*Records for this task*
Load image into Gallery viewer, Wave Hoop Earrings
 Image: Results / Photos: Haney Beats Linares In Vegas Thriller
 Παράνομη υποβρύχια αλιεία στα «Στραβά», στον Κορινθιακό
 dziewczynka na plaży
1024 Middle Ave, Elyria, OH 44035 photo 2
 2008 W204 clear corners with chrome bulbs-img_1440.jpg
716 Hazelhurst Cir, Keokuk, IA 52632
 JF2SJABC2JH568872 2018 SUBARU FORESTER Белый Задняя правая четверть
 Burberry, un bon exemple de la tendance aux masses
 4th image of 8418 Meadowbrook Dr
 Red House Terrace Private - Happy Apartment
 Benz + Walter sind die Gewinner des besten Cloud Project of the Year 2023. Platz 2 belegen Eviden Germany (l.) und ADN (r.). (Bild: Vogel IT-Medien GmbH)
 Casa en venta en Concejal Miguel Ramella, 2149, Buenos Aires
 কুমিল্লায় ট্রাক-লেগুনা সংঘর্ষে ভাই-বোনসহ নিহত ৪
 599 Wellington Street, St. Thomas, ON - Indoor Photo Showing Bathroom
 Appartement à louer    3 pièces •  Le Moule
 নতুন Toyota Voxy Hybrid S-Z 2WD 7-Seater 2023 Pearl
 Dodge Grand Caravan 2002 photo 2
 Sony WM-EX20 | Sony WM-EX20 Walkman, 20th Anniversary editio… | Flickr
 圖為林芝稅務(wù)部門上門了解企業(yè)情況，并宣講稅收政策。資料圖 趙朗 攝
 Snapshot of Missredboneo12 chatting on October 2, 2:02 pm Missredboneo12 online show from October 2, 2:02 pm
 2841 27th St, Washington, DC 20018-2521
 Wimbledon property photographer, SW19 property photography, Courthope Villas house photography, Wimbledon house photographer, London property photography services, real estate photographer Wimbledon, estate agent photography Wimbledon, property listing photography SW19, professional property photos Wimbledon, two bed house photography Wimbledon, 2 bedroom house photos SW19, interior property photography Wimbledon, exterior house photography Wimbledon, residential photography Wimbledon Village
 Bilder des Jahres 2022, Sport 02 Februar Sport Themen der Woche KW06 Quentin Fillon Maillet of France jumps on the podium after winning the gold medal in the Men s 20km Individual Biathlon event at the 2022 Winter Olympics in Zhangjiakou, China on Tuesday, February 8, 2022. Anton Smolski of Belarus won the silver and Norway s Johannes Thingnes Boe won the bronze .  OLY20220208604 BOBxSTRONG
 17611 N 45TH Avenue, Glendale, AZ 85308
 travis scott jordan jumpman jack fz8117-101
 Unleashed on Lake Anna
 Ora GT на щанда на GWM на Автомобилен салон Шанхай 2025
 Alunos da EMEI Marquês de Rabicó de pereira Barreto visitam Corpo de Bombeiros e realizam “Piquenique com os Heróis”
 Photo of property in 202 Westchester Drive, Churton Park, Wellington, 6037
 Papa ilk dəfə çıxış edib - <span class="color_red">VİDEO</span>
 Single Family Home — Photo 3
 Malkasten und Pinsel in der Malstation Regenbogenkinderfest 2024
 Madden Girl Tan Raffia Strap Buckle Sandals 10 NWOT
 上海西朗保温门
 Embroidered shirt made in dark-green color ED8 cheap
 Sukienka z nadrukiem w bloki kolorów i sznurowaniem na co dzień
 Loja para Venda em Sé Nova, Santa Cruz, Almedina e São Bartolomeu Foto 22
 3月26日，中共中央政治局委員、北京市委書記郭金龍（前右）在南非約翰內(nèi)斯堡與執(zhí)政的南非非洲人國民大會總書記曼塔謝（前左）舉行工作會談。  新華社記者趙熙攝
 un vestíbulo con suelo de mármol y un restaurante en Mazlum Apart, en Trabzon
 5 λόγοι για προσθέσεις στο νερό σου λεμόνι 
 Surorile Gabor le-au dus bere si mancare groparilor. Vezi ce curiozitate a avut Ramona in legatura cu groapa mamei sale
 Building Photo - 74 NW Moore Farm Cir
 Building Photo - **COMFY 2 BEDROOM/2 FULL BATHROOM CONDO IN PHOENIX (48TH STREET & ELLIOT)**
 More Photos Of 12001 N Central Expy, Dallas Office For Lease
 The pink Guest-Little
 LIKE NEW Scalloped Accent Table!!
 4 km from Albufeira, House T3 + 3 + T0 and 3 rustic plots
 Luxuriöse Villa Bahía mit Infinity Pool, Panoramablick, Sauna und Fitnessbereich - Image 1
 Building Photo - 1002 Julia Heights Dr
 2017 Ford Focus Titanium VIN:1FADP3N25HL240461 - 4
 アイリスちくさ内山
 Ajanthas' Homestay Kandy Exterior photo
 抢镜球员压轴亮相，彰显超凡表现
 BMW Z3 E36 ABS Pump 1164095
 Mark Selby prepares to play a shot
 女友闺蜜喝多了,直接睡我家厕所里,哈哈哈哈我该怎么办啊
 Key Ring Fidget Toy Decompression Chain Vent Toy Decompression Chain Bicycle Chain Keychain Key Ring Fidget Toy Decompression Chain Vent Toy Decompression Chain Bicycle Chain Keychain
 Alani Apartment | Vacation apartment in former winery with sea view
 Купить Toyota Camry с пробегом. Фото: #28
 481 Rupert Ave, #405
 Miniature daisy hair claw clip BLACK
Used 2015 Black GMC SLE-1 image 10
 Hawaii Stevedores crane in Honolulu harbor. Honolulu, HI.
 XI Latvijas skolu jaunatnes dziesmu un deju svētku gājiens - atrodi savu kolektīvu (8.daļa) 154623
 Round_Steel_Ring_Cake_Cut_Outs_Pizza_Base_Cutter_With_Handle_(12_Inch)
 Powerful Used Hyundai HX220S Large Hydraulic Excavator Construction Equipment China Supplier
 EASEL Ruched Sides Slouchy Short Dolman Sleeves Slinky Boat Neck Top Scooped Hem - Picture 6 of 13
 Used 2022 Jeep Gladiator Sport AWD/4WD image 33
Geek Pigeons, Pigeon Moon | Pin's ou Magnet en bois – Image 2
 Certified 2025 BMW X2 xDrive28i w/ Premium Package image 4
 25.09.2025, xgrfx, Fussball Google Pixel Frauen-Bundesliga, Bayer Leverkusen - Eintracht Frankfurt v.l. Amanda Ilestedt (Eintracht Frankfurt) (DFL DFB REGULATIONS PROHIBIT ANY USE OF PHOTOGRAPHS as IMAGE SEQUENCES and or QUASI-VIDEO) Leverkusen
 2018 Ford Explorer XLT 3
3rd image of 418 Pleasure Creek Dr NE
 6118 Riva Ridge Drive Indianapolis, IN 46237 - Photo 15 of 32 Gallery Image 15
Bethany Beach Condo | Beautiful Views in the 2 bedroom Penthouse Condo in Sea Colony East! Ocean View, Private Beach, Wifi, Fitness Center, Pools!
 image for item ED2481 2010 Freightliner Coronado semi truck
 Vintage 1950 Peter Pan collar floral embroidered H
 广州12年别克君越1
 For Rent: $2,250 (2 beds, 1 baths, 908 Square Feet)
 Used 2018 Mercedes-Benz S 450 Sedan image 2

*Work to be completed*
The required answer is the exact run of lines above starting at the line with "Used 2022 Jeep" and ending at the line with "25.09.2025, xgrfx, Fussball", with both ends present.

*Written response*
 Used 2022 Jeep Gladiator Sport AWD/4WD image 33
Geek Pigeons, Pigeon Moon | Pin's ou Magnet en bois – Image 2
 Certified 2025 BMW X2 xDrive28i w/ Premium Package image 4
 25.09.2025, xgrfx, Fussball Google Pixel Frauen-Bundesliga, Bayer Leverkusen - Eintracht Frankfurt v.l. Amanda Ilestedt (Eintracht Frankfurt) (DFL DFB REGULATIONS PROHIBIT ANY USE OF PHOTOGRAPHS as IMAGE SEQUENCES and or QUASI-VIDEO) Leverkusen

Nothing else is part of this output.